ÖZET
Amaç:
Sentinel nod ve okült lezyon lokalizasyonu (SNOLL), radyonüklid okült lezyon lokalizasyonu ve sentinel lenf nodu biyopsisinin (SLNB) birlikte kullanıldığı tekniktir. Çalışmamızda SNOLL işleminin başarısının yanı sıra palpe edilemeyen meme lezyonlarında cerrahi sınır pozitifliği ve tekrar girişim açısından intraoperative dondurulmuş patoloji gerekliliği ve yararlılığını da araştırdık.
Yöntemler:
Çalışma 2006-2016 yılları arasında tek merkezde genel cerrahi kliniğimizde yapılmıştır.

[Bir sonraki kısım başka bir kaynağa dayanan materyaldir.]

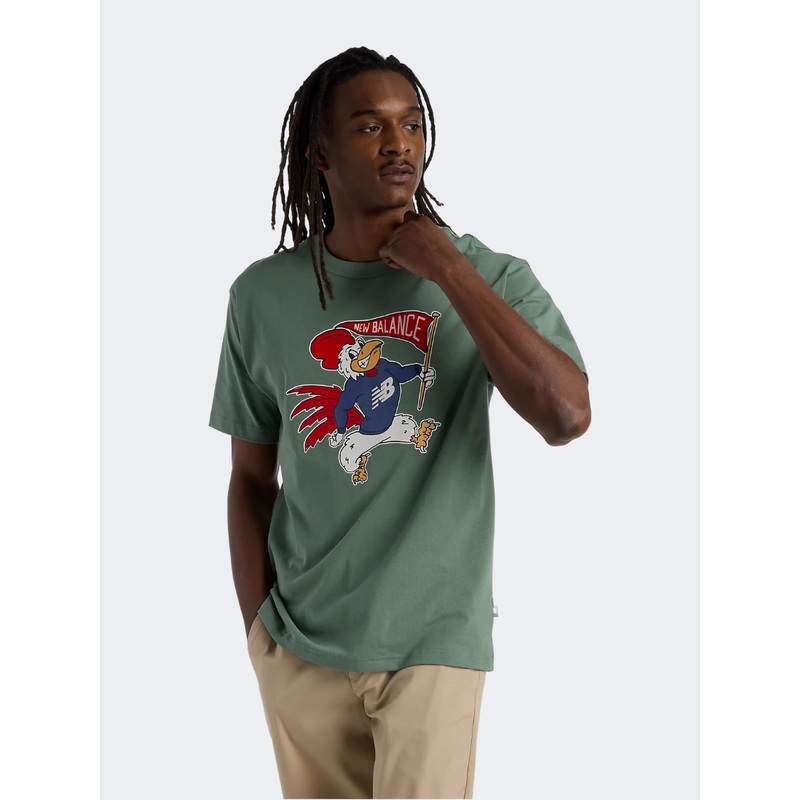 New Balance Athletics Relaxed Mascots Men Lifestyle T-Shirt Dark Juniper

Palpe edilemeyen meme lezyonu olan aksillası negatif 83 hastanın kayıtları kullanılmıştır. Cerrahiden önce tüm hastalara peritümoral ve aksilla bölgesinde subdermal radyonüklid enjekte edilmiştir. Tüm hastalara SNOLL prosedürünü takiben gama prob yardımı ile meme koruyucu cerrahi ve SLNB uygulanmıştır.
Bulgular:
Seksen üç hastanın 78’inde malignite tespit edilmiştir. İntraoperatif dondurulmuş incelemede 35 (%44,9) hastada cerrahi sınır negatif, 17 hastada (%21,7) yakın cerrahi sınır ve 26 (%33,3) hastada cerrahi sınır pozitif olarak gelmiştir. Son iki gruptaki hastalara intraoperatif tümör reeksizyonu yapılmıştır. Nihai paraffin incelemede 7 (%9) hastada cerrahi sınır pozitifliği tespit edilmiştir. Sentinel lenf nodları (SLN)’ler 78 hastanın 77’sinde (%98,7) başarı ile tespit edilebilmiştir. Tek operasyon ile tedavi edilen hastalarda SNOLL prosedürünün genel başarısı %88,5’tir (69/78). İntraoperatif reeksizyon hastaların sadece üçünde (%3,8) fayda sağlamıştır.
Sonuç:
SNOLL; palpe edilemeyen meme kanserlerinde ve SLN’lerin lokalizasyonunda kolay uygulanabilen, basit ve zaman kazandırıcı bir yöntemdir. Ancak dondurulmuş inceleme ile cerrahi sınır değerlendirmesinin yöntemin başarısına olan katkısı sınırlıdır.